Rachel Dolezal has just published a memoir: “In Full Color: Finding My Place in a Black and White World.” It’s just about as odd as you’d expect.
In addition to talking about growing up with her strictly religious parents when, she claims, she identified as black, Dolezal writes about such life highlights as being born in a teepee with Jesus Christ as a witness and being so poor that she played ball with freshly cut off chicken heads.
She wrote that she had read her grandmother’s National Geographic magazines, where she learned where blackness came from.

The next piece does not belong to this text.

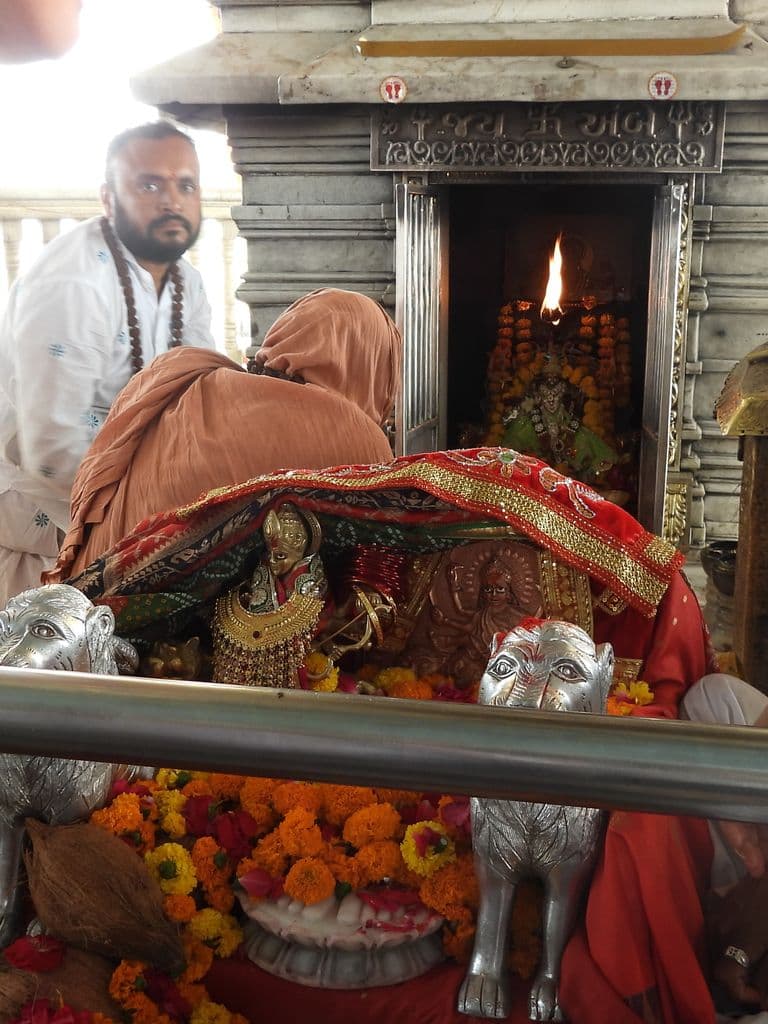 gabbar_hill_ambaji_9.jpg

–Rachel Dolezal describes oppression she faced while identifying as black–
“I’d stir the water from the hose into the earth … and make thin, soupy mud, which I would then rub on my hands, arms, feet, and legs,” she wrote. “I would pretend to be a dark-skinned princess in the Sahara Desert or one of the Bantu women living in the Congo… imagining I was a different person living in a different place was one of the few ways … that I could escape the oppressive environment I was raised in.”
In the book, she also claimed that she was molested by her brother and that her parents would beat her for things as small as breaking a dish.
It wasn’t until her parents adopted four black children, which she says they did for tax reasons, that she “felt like I was truly part of a family.”
She then left her Montana home and attended college in Mississippi, where she began to change her look to fit what she saw as her identity. “As I got more involved with the [Black Student Association], campus activism, and my artwork, the more Afrocentric my appearance became,” Dolezal wrote.
She added, “It became easier for me to let them make assumptions about me. I noticed how much more relaxed and comfortable Black people who assumed I was Black were around me.”
“I felt less like I was adopting a new identity and more like I was unveiling one that had been there all along. Finally able to embrace my true self, I allowed the little girl I’d colored with a brown crayon so long ago to emerge.”